Up to and including the line with "Mignonjour(ミニョ", output the records exactly as they appear.

..........

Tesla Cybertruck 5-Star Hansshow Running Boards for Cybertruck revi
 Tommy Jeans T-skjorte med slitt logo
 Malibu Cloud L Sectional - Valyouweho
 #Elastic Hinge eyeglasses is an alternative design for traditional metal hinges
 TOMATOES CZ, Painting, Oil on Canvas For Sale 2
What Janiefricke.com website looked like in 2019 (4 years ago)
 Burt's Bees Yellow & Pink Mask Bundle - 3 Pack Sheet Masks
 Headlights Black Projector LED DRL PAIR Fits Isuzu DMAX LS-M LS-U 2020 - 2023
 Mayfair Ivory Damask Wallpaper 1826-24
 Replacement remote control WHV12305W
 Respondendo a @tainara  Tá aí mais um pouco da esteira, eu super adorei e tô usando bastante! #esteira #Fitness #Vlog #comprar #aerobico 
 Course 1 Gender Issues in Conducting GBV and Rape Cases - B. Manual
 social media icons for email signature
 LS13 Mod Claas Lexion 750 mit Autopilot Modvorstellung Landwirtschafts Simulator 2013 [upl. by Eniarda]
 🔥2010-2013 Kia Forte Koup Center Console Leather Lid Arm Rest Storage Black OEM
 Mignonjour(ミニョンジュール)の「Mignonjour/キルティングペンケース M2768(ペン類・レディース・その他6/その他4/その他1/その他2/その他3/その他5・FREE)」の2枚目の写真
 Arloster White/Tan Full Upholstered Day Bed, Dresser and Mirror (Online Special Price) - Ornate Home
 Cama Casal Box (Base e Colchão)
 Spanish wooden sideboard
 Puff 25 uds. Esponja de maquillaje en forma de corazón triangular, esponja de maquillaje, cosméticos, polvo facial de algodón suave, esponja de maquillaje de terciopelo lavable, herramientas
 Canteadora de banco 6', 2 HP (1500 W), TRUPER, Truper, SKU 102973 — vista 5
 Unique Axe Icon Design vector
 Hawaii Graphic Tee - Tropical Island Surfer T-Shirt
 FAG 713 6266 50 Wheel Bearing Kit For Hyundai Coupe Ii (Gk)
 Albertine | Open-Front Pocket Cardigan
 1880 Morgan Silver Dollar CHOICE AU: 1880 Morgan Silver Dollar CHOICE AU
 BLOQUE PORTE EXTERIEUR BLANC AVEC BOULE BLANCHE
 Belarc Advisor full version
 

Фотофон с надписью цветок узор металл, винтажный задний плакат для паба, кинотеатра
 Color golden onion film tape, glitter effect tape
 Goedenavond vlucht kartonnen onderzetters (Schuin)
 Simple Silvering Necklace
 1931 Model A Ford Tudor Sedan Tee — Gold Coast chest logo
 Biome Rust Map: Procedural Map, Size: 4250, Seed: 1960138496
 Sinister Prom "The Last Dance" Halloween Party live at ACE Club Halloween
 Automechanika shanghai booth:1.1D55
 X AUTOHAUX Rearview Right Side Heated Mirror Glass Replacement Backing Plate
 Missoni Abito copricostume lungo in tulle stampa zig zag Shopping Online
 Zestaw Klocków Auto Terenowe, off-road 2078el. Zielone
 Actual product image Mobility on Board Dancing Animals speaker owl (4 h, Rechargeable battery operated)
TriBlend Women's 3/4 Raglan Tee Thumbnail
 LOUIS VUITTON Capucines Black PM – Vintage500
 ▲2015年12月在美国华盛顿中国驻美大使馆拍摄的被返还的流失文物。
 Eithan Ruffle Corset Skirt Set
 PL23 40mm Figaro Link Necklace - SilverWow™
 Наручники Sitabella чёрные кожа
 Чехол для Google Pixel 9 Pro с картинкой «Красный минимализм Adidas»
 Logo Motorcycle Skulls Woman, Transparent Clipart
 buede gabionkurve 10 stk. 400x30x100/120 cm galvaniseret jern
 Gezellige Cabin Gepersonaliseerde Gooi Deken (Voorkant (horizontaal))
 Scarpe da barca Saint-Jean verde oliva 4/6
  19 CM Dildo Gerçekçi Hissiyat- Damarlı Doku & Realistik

..........

- **Task output**:
Tesla Cybertruck 5-Star Hansshow Running Boards for Cybertruck revi
 Tommy Jeans T-skjorte med slitt logo
 Malibu Cloud L Sectional - Valyouweho
 #Elastic Hinge eyeglasses is an alternative design for traditional metal hinges
 TOMATOES CZ, Painting, Oil on Canvas For Sale 2
What Janiefricke.com website looked like in 2019 (4 years ago)
 Burt's Bees Yellow & Pink Mask Bundle - 3 Pack Sheet Masks
 Headlights Black Projector LED DRL PAIR Fits Isuzu DMAX LS-M LS-U 2020 - 2023
 Mayfair Ivory Damask Wallpaper 1826-24
 Replacement remote control WHV12305W
 Respondendo a @tainara  Tá aí mais um pouco da esteira, eu super adorei e tô usando bastante! #esteira #Fitness #Vlog #comprar #aerobico 
 Course 1 Gender Issues in Conducting GBV and Rape Cases - B. Manual
 social media icons for email signature
 LS13 Mod Claas Lexion 750 mit Autopilot Modvorstellung Landwirtschafts Simulator 2013 [upl. by Eniarda]
 🔥2010-2013 Kia Forte Koup Center Console Leather Lid Arm Rest Storage Black OEM
 Mignonjour(ミニョンジュール)の「Mignonjour/キルティングペンケース M2768(ペン類・レディース・その他6/その他4/その他1/その他2/その他3/その他5・FREE)」の2枚目の写真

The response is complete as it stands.